From: Theodore Tso <tytso@mit.edu>
Subject: Re: [PATCH 2/2] ext4: Automatically enable journal_async_commit on
	ext4 file systems
Date: Sat, 5 Sep 2009 21:32:45 -0400
Message-ID: <20090906013245.GD2287@mit.edu>
References: <1252189963-23868-1-git-send-email-tytso@mit.edu> <1252189963-23868-2-git-send-email-tytso@mit.edu> <20090905225747.GP4197@webber.adilger.int>
Mime-Version: 1.0
Content-Type: text/plain; charset=us-ascii
Cc: Ext4 Developers List <linux-ext4@vger.kernel.org>
To: Andreas Dilger <adilger@sun.com>
Content-Disposition: inline
In-Reply-To: <20090905225747.GP4197@webber.adilger.int>
Sender: linux-ext4-owner@vger.kernel.org

On Sun, Sep 06, 2009 at 12:57:47AM +0200, Andreas Dilger wrote:
> On Sep 05, 2009  18:32 -0400, Theodore Ts'o wrote:
> > Now that we have cleaned up journal_async_commit, it's safe to enable
> > it all the time.  But we only want to do so if ext4-specific INCOMPAT
> > features are enabled, since otherwise we will prevent the filesystem
> > from being mounted using ext3.
> 
> So, the big question is what to do if not-the-last transaction in the
> journal has a bad block in it?  This is fairly unlikely, and IMHO the
> harm of aborting journal replay too early is likely far outweighed by
> the benefit of not "recovering" garbage directly over the filesystem
> metadata.
> 
> I had thought that you had rejected the e2fsck side of this patch for
> that reason, but maybe my memory is faulty...  We still have some
> test images for bad journal checksums that you can have if you want.

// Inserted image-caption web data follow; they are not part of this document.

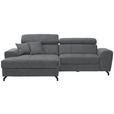 ECKSOFA in Velours Grau  181/267 cm  - Schwarz/Grau, Design, Textil/Metall (181/267cm) - Carryhome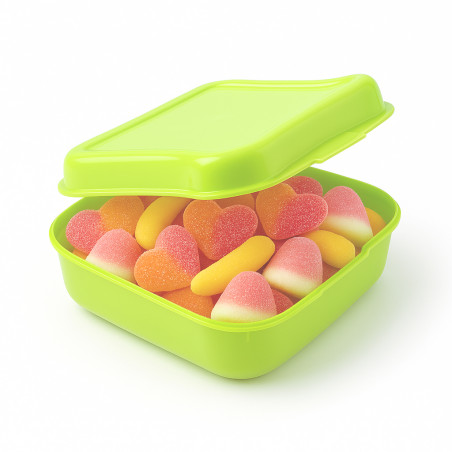 Boîte verte avec des bonbons sans gluten personnalisée : détail sucré pour les invités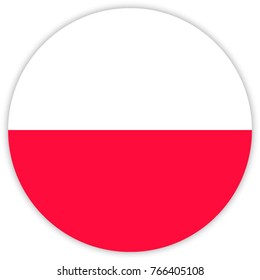 round flag of Poland. circle flag.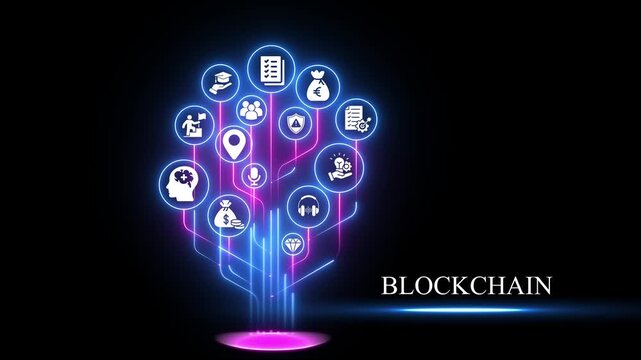 Blockchain technology digital tree with glowing neon and financial network data visualization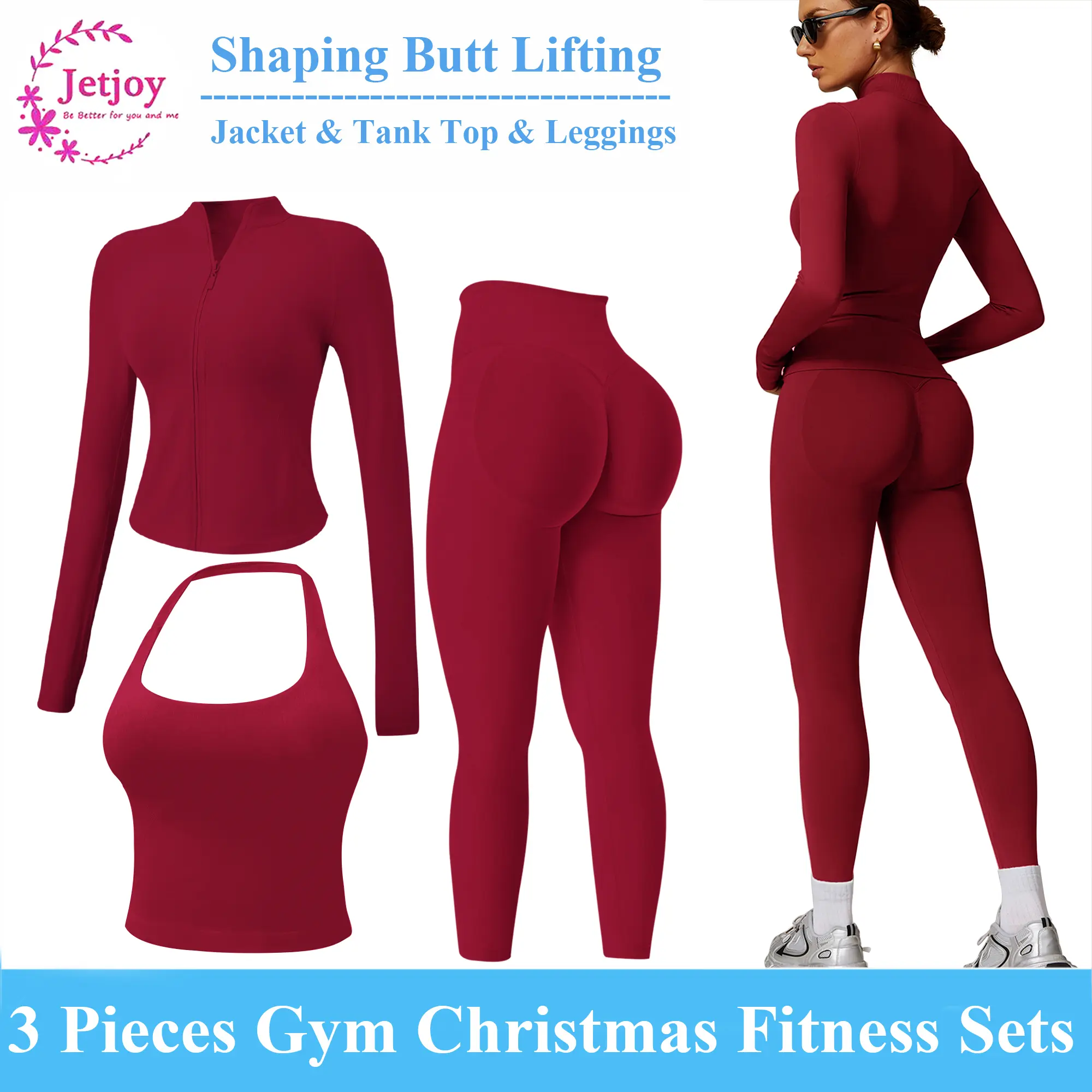 Jetjoy Women's 3-Piece Going Out Sets for Women, Zip-Up Jacket, Backless Tank, Mid-Waisted Tummy Control Compression Leggings, High-Stretch Nylon Elastane for Yoga, Running, Gym Clothes Women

No, it's in e2fsck.  Right now, if we have a checksum failure, we
abort the journal replay dead in its tracks.  Whether or not that's
the right thing is actually highly questionable.  Yes, there's the
chance that we can recover garbage directly over the file system
metadata.  But the flip side is that if we abort the journal replay
too early, we can end up leaving the filesystem horribly corrupted.
In addition, if the it's a block which has been journalled multiple
time (which will is highly likely for block allocation blocks or inode
allocation blocks), an error in the middle of the journal is not a
disaster.

The one thing I have to check is to make sure that e2fsck forces a
filesystem check if it aborts a journal replay due to a checksum
error.  I'm pretty sure I did add that, but I need to make sure it's
there.

The other thing we might want to do is to add some code in ext4 is to
call jbd2_cleanup_journal_tail() a bit more aggressively.  If all of
the blocks in the transaction has been pushed out, then updating the
journal superblock frequently will reduce the number of transactions
that need to be replayed.  Right now, we often replay more transaction
that we strictly need to, out of a desire to reduce the need to update
the journal superblock.  But we are replaying transactions 23..30, but
we really only need to replay transactions 28 29 and 30 in order to
bring the filesystem into consistency, and we have a checksum failure
while reading some of the data blocks found in transaction 25, we'll
end up never replaying transactions 28--30, and we may end up losing
data, especially if we already started writing some (but not all) of
the blocks involved with transactions 28 and 29 to their final
location on disk.

					- Ted